═════ Source material

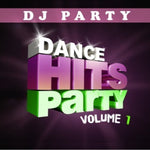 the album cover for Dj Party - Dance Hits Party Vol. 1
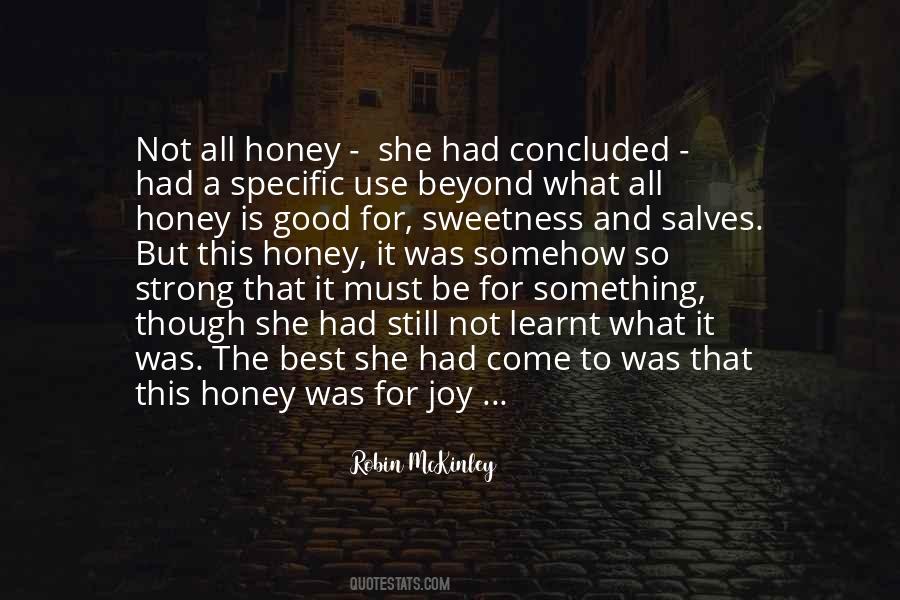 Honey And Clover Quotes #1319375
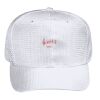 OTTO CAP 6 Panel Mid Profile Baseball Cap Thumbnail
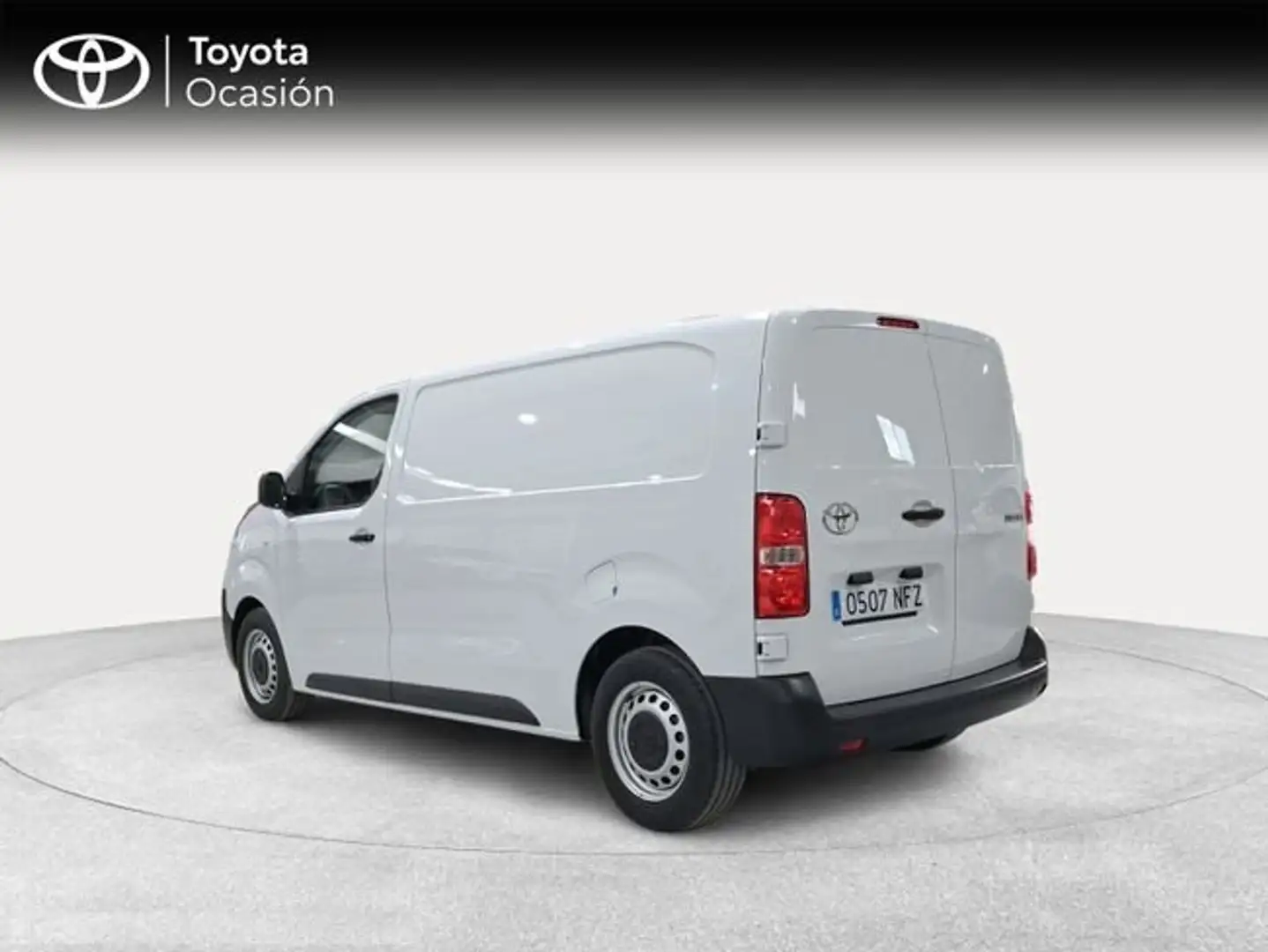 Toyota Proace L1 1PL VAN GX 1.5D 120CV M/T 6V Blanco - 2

══════════
═════ Source material

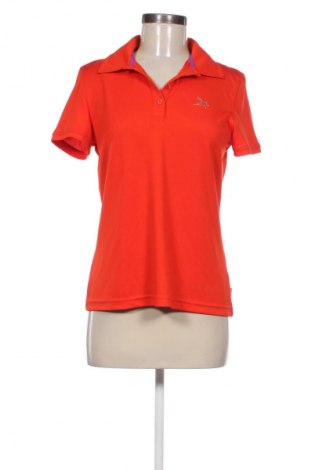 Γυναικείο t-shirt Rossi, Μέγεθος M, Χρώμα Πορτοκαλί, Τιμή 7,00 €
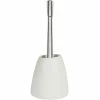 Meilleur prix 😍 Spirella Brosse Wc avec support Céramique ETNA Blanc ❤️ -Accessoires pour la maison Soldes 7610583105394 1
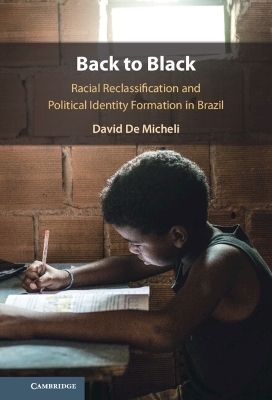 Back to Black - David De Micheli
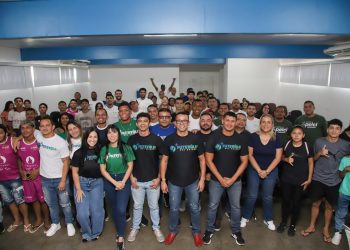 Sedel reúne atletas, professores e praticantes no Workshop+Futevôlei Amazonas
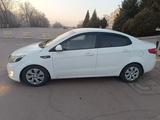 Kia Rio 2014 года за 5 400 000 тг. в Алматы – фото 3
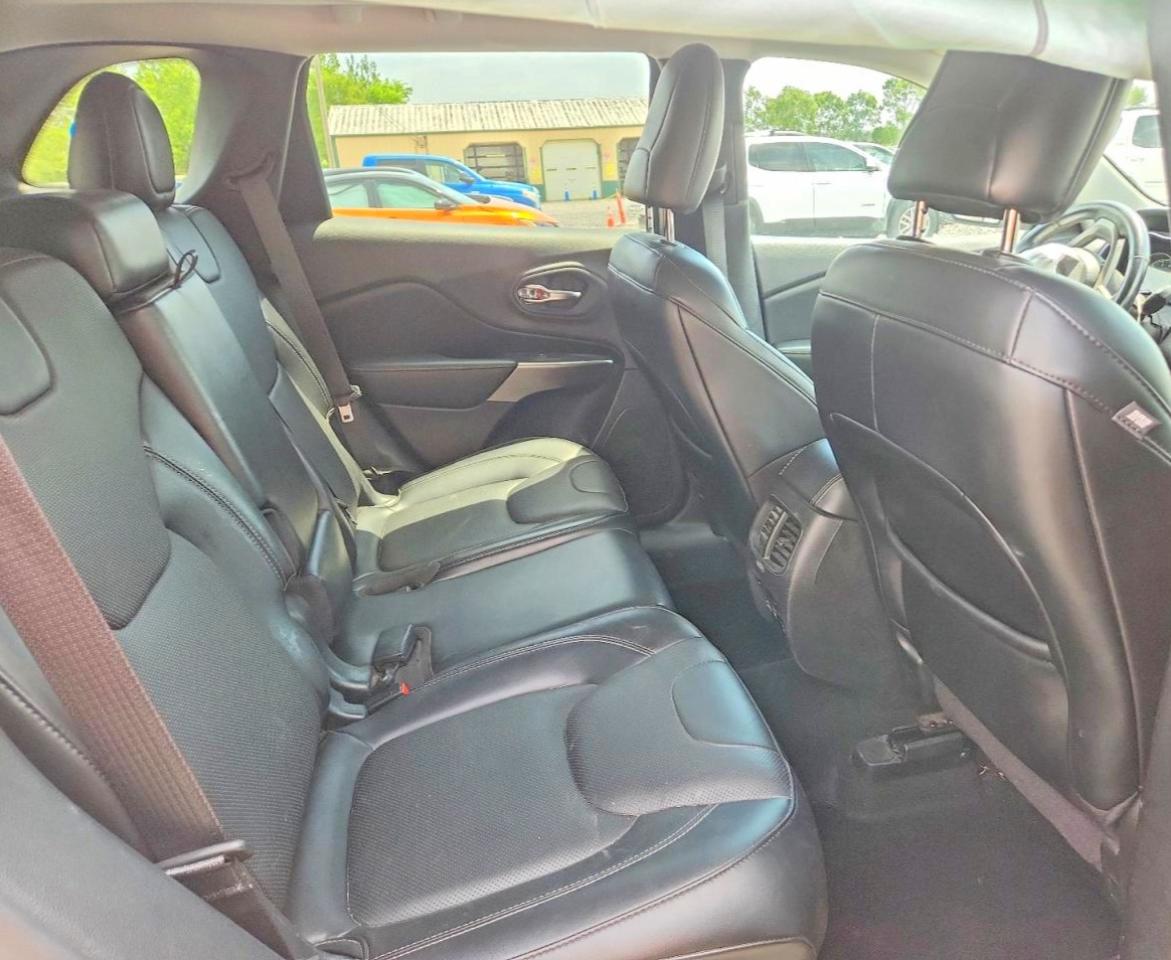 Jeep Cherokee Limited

══════════
═════ Source material

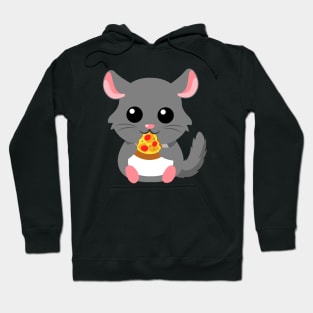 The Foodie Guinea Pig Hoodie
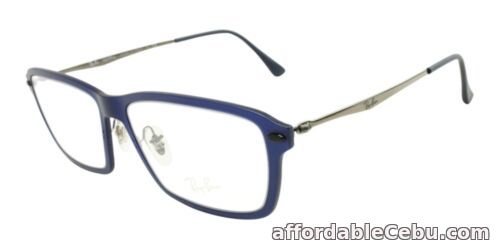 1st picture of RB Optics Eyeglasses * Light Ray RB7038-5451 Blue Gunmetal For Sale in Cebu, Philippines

══════════

What the exercise asks. Reproduce exactly the lines above that run from the one with "the album cover" to the one with "Toyota Proace L1", both included, leaving pictures out.

Written solution.
 the album cover for Dj Party - Dance Hits Party Vol. 1
 Honey And Clover Quotes #1319375
 OTTO CAP 6 Panel Mid Profile Baseball Cap Thumbnail
 Toyota Proace L1 1PL VAN GX 1.5D 120CV M/T 6V Blanco - 2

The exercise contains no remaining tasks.